Work item
Within the entries below, output exactly the lines between the line containing "Der Grosse Duden" and the line containing "武汉股权质押流程怎么办？如何选择正规平台？", inclusive, and omit any picture.

** Opening Information supplied block **

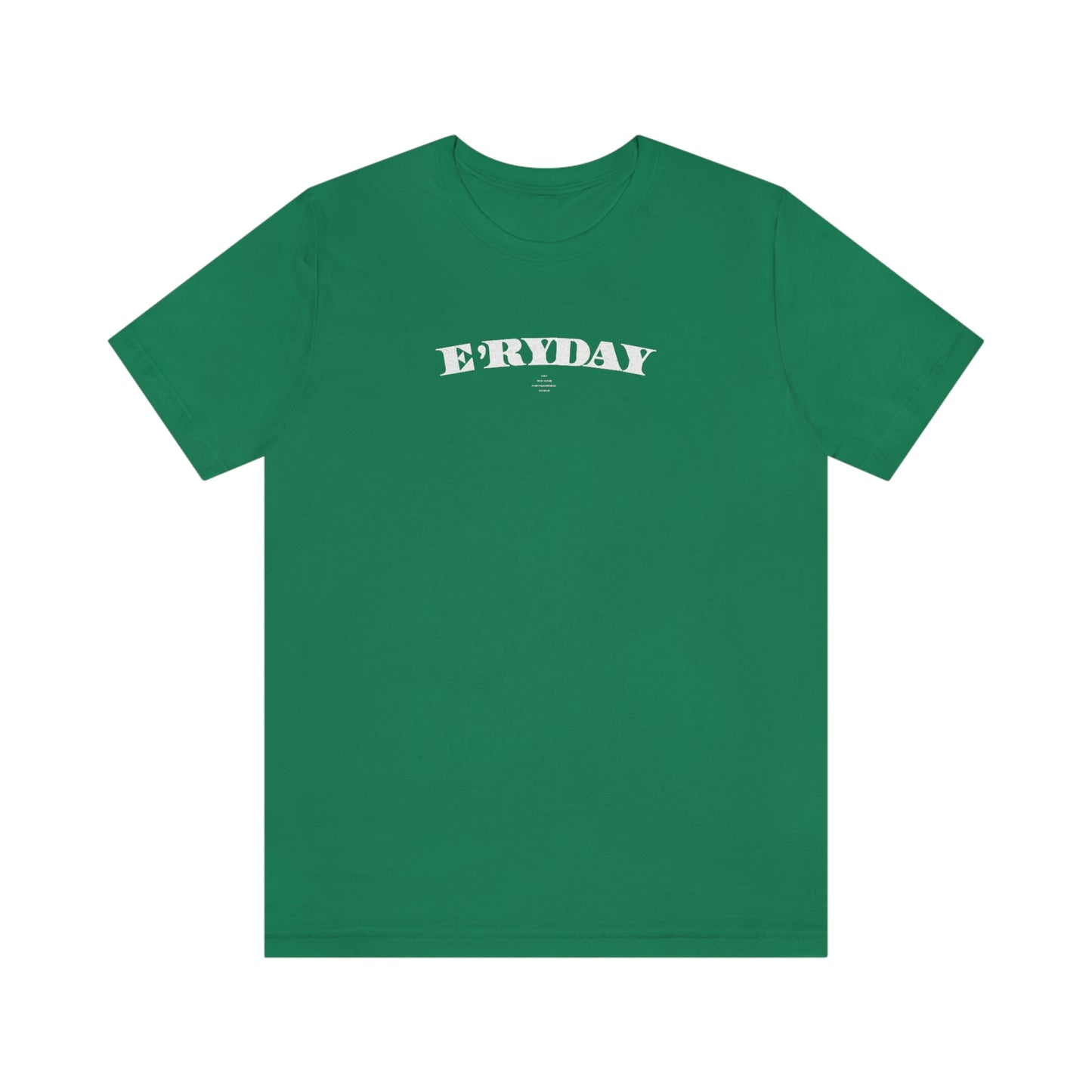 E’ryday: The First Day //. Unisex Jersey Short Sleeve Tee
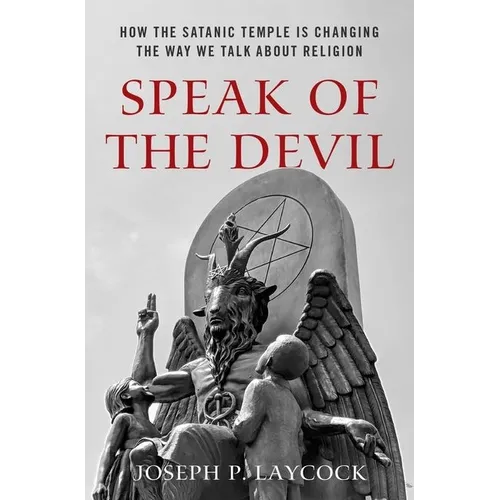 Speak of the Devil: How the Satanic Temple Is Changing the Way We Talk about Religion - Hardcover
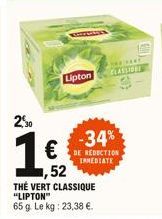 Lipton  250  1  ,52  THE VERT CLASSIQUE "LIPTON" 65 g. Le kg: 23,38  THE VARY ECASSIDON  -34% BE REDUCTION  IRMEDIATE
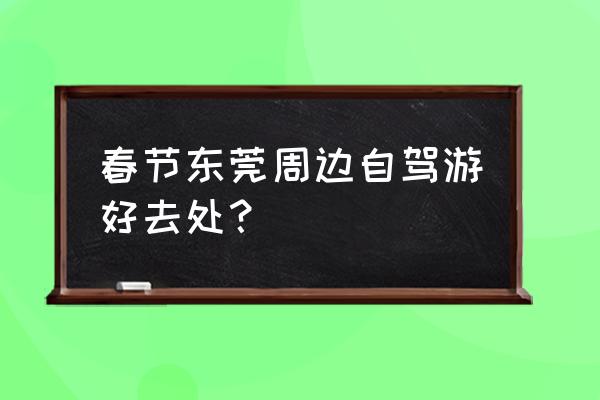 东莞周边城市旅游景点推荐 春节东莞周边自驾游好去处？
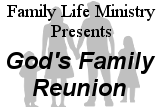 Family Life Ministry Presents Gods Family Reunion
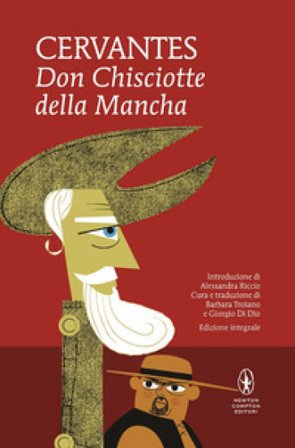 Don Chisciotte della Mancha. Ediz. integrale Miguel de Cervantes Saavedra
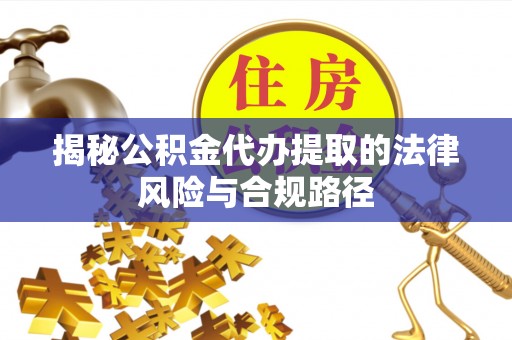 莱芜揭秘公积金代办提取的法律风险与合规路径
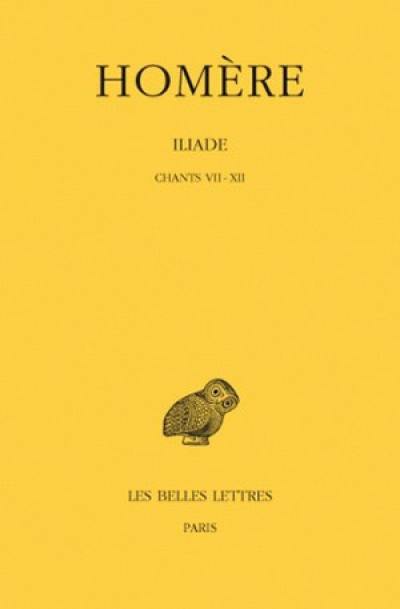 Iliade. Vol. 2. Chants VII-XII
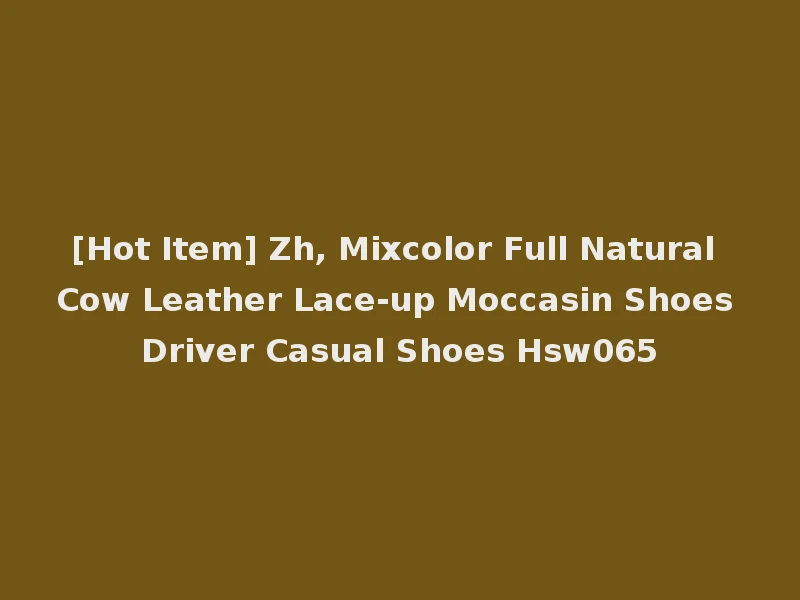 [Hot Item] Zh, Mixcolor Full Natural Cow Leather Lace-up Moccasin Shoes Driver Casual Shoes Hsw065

** Closing Information supplied block **
** Opening Information supplied block **

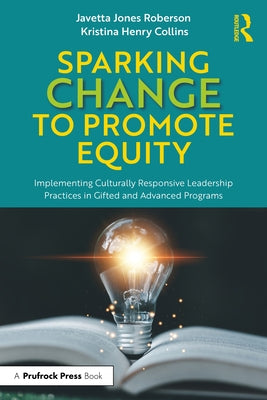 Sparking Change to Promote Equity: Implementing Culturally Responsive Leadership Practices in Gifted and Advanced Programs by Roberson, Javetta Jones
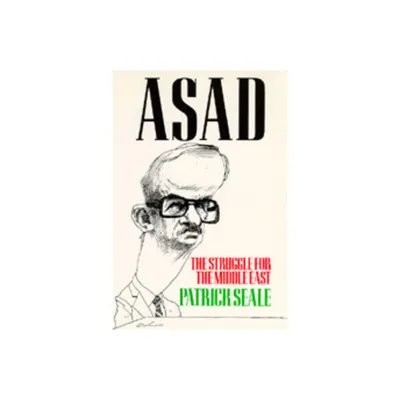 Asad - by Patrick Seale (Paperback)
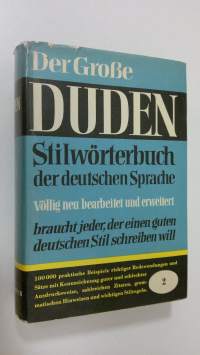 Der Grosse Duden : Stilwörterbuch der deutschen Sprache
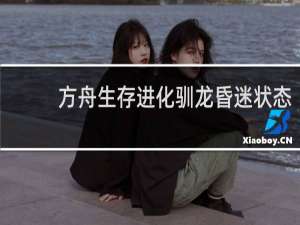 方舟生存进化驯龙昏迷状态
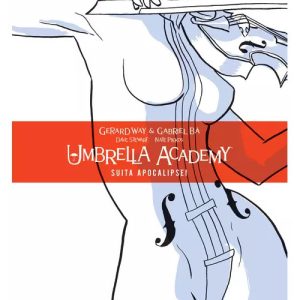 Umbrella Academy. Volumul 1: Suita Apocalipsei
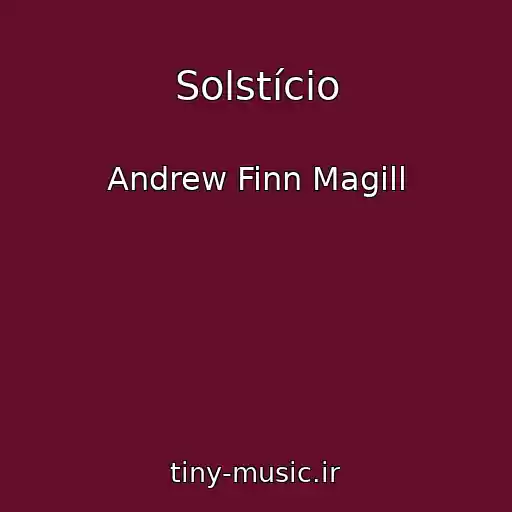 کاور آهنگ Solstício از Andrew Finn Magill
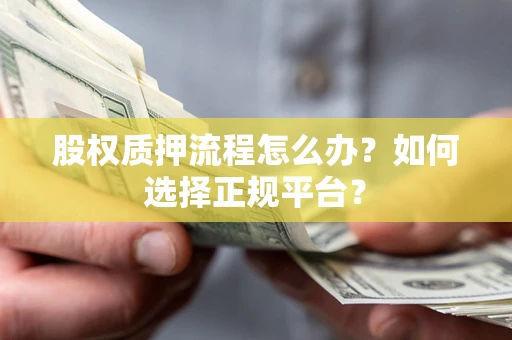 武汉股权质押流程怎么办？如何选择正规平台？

** Closing Information supplied block **
** Opening Information supplied block **

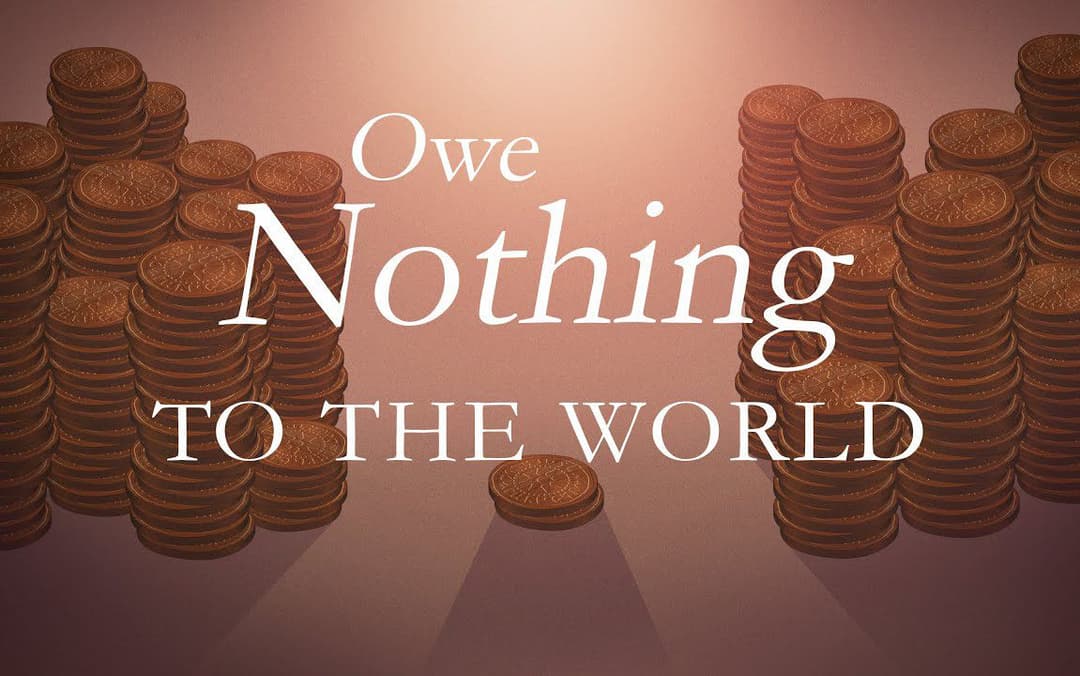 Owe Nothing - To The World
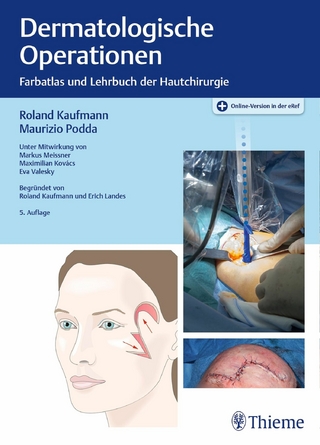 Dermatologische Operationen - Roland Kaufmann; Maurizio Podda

** Closing Information supplied block **

Response to this task
 Der Grosse Duden : Stilwörterbuch der deutschen Sprache
 方舟生存进化驯龙昏迷状态
 Umbrella Academy. Volumul 1: Suita Apocalipsei
 کاور آهنگ Solstício از Andrew Finn Magill
 武汉股权质押流程怎么办？如何选择正规平台？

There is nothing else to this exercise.